The clampdown on hedging gained steam last year after JPMorgan Chase & Co. suffered more than $6 billion in losses from positions by a trader who was known as the “London Whale” for his oversized hedges. The embarrassing stumble drew glaring media exposure for the nation’s largest bank.
Now the Volcker rule forces banks to continually monitor and adjust hedging strategies to ensure they don’t morph into riskier bets that could blow holes in their balance sheets. Under new requirements, the institutions will also have to document rationales for hedges.
Fed Gov. Daniel Tarullo, who heads the agency’s bank supervision and regulation committee, said the “Whale” episode provided “a real-world example of what should not happen in a banking organization.”
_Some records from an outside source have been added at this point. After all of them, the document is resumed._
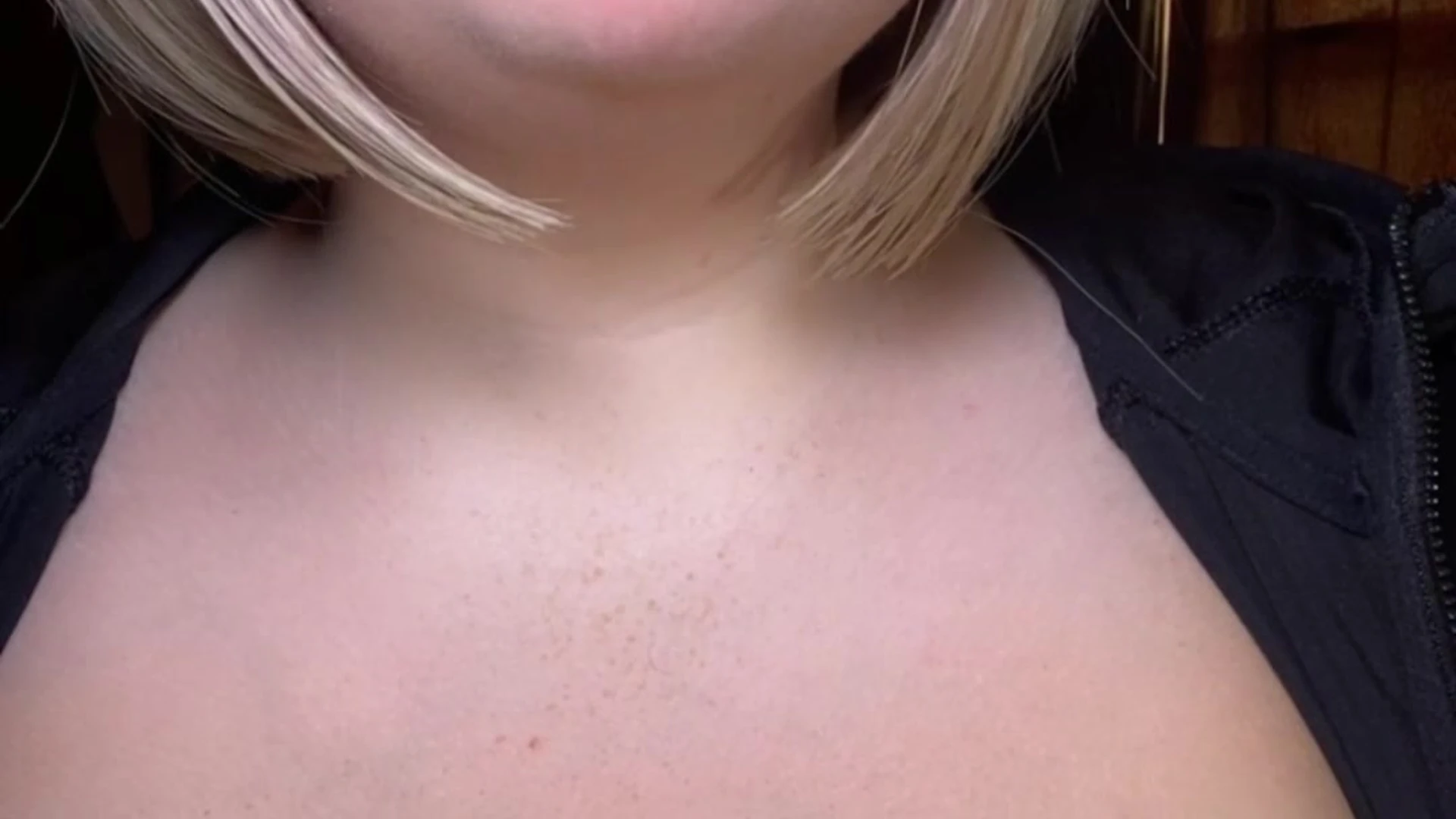 slutty babe Slut Christi Spooks sex Clip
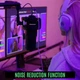 Микрофон Streamplify MIC PRO-192-RGB-ST Черный (SPMC-MP3C327.11) - изображение 15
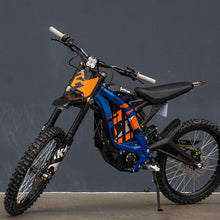 Load image into Gallery viewer, Baja Designs 448154 Sur-Ron/Talaria Squadron Sport Headlight Kit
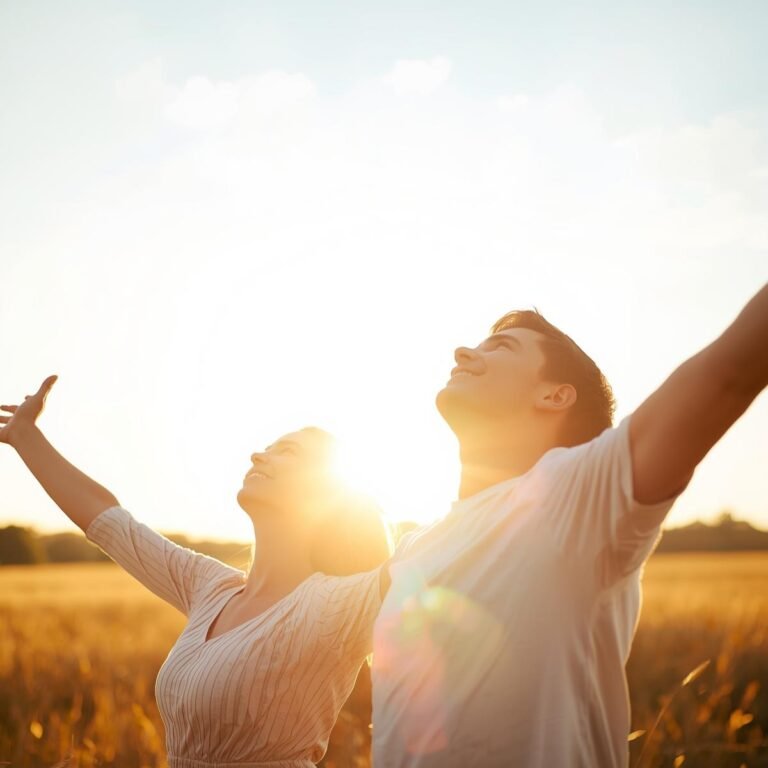 diario espiritual de gratitud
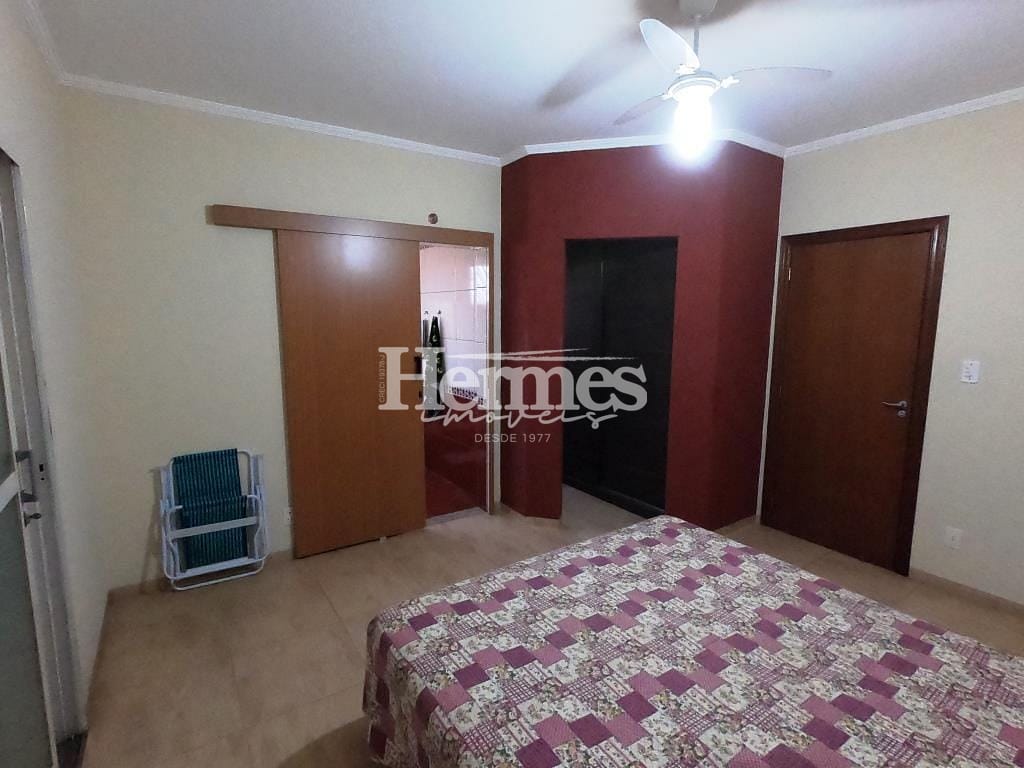 Casa, 4 quartos, 318 m² - Foto 14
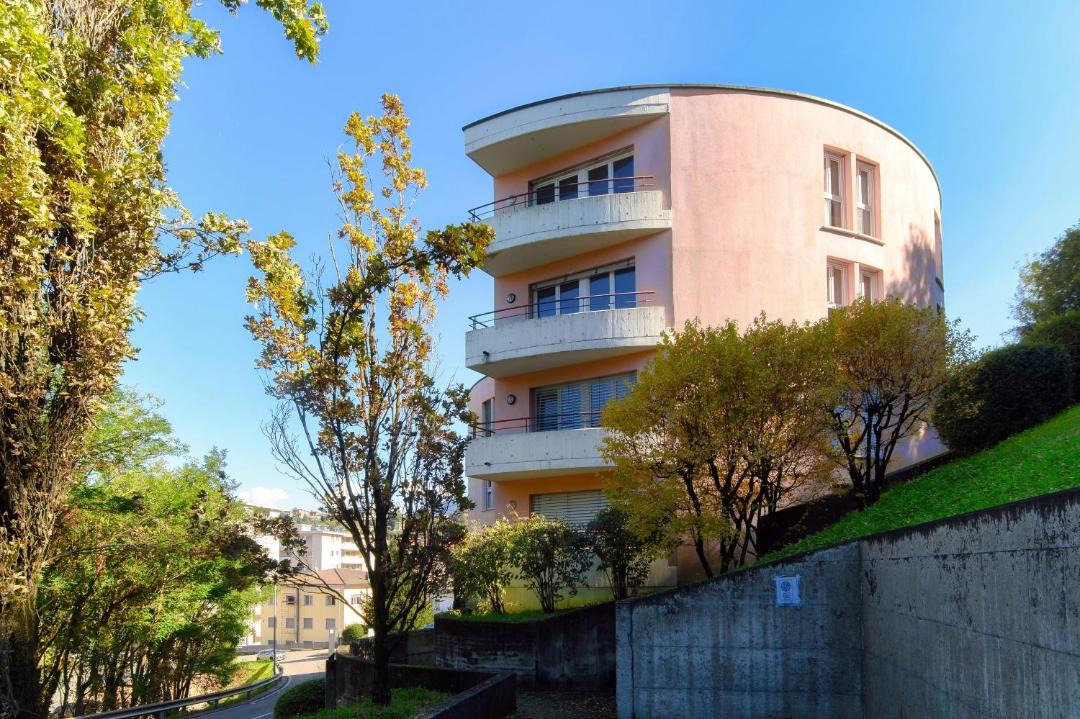 Photo of Others in Chiasso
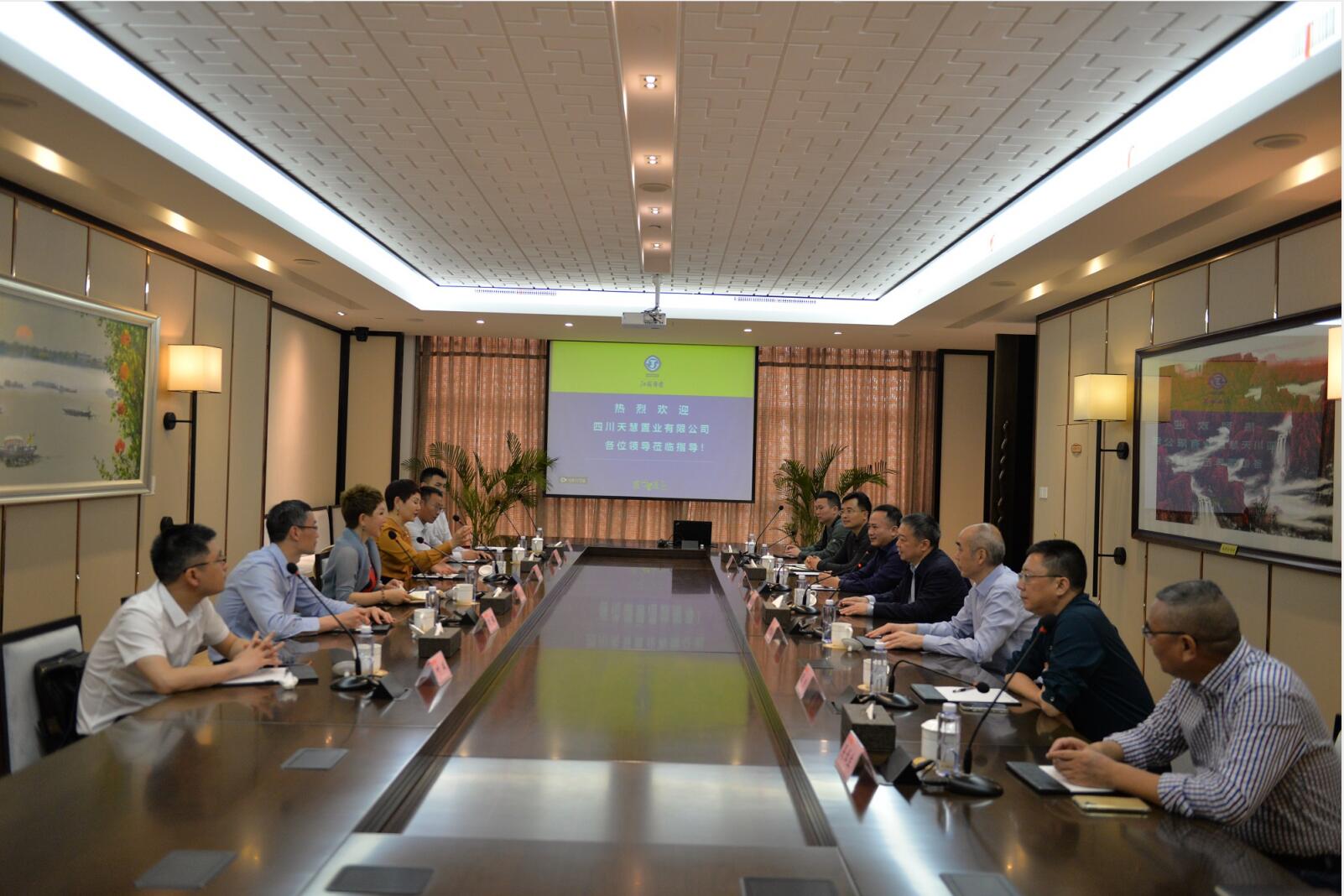 1620467689834402.jpg QQ截圖20210508175801.jpg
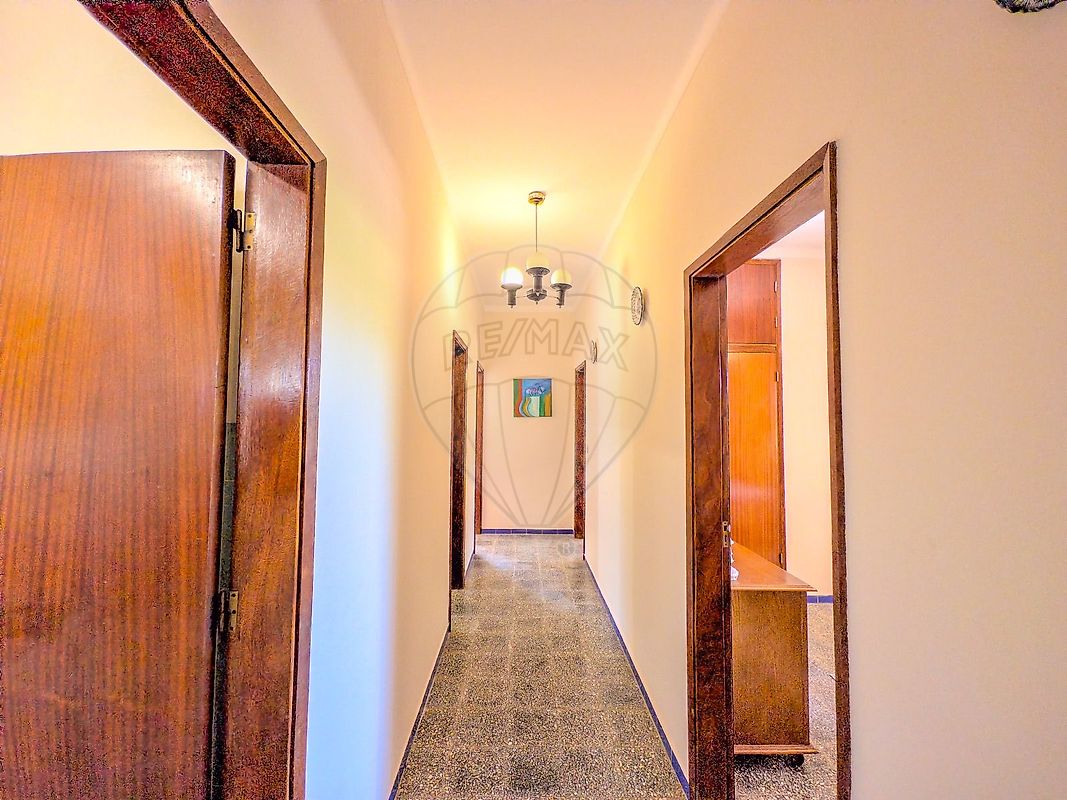 Moradia T6+ à venda em Moncarapacho e Fuseta, Olhão — foto 14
While proprietary trading is now generally banned, the rule will still allow banks to buy stocks and bonds in a practice known as market-making. Banks buy these investments in anticipation that clients will at some point want them.
But regulators worried that firms could take outsize and potentially dangerous positions for their own profits. Under the rule, banks’ trading desks would not be allowed to hold investments that exceeded “the reasonably expected near-term demands of customers.”
Banks will now be required to keep records to back up their positions, and chief executives will be required to sign off on their firms’ compliance.
They are also being asked under the new rule to structure employee compensation so that it does not “reward or incentivize” engaging in prohibited proprietary trading practices or expose the bank “to excessive or imprudent risk.” But how the provision will work in practice is unclear.
Sens. Jeff Merkley (D-Ore.) and Carl Levin (D-Mich.), who pushed for the Volcker rule’s inclusion in the 2010 financial reform law, said they were reviewing the final version but early indications were that it was tougher than what regulators originally proposed more than two years ago.
The Volcker rule “was intended to change the culture and practices at our nation’s largest financial firms, to prevent Wall Street and the big banks from making swing-for-the-fences bets that put depositors and taxpayers at risk,” Merkley and Levin said in a joint statement. “The regulators have taken a serious step forward in mandating critical changes.”
Wall Street and business groups were quick to voice their unhappiness with the final rule. They argued that regulators could increase the costs of doing business, as well as hinder growth and job creation. The Securities Industry and Financial Markets Assn. said it remained concerned that an overly restrictive Volcker rule would “inflict serious harm on our nation’s economy and American savers.”